(Provided records):
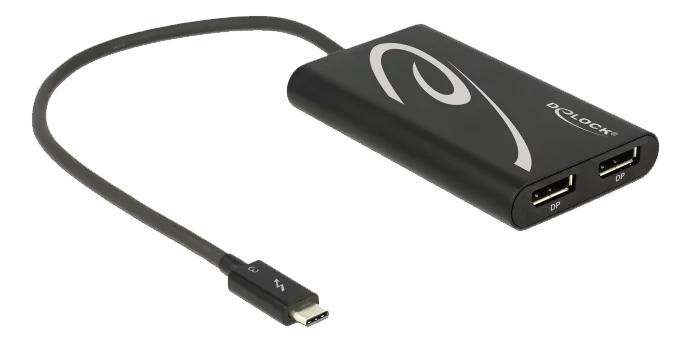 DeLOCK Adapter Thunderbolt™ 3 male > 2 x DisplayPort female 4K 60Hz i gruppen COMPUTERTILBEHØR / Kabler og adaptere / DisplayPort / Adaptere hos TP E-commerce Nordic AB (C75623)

* * *

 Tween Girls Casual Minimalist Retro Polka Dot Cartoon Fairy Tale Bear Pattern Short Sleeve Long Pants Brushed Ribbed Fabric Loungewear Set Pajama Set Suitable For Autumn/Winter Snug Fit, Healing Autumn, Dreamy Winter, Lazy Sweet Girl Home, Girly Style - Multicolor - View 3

==

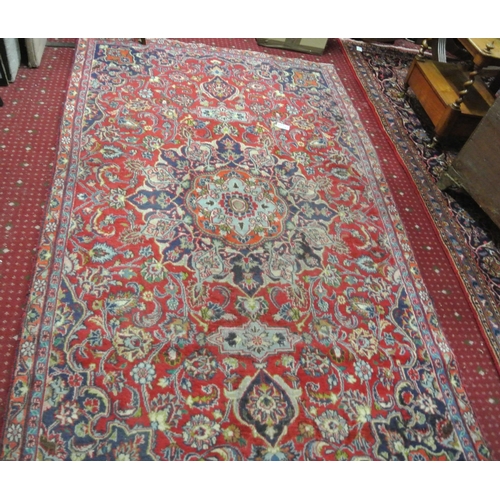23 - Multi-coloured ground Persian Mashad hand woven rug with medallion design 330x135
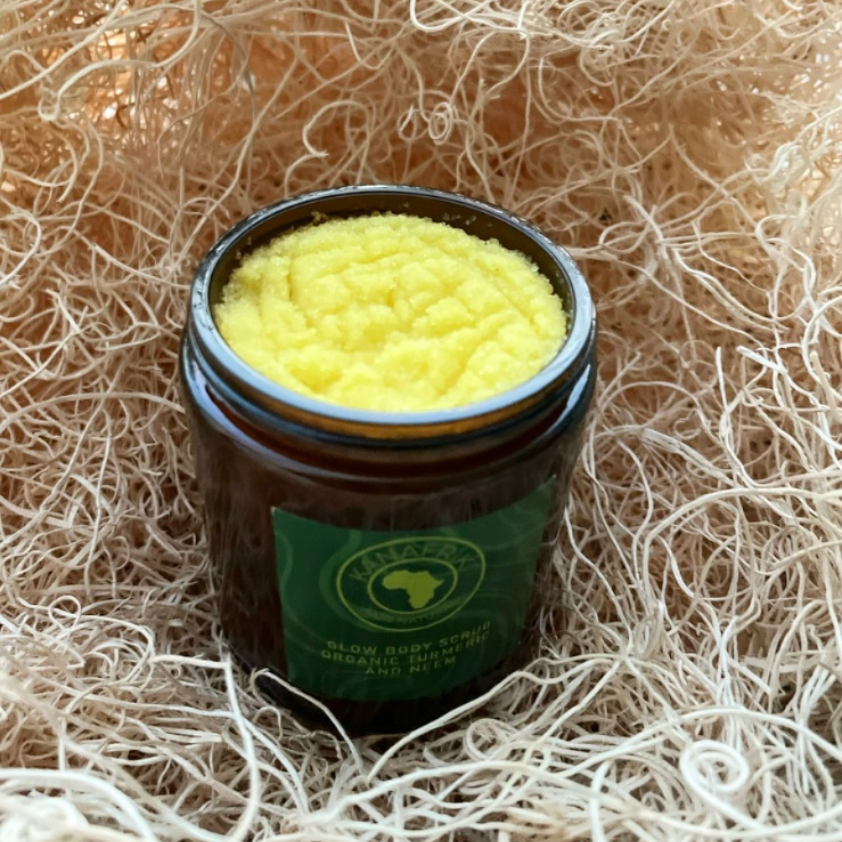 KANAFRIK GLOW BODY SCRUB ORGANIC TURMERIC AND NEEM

(Task to carry out): In the data above, retype only the stretch from the line with "23 - Multi-coloured" through the line with "KANAFRIK GLOW BODY", word for word, and skip any pictures.

(Task solution):
23 - Multi-coloured ground Persian Mashad hand woven rug with medallion design 330x135
 KANAFRIK GLOW BODY SCRUB ORGANIC TURMERIC AND NEEM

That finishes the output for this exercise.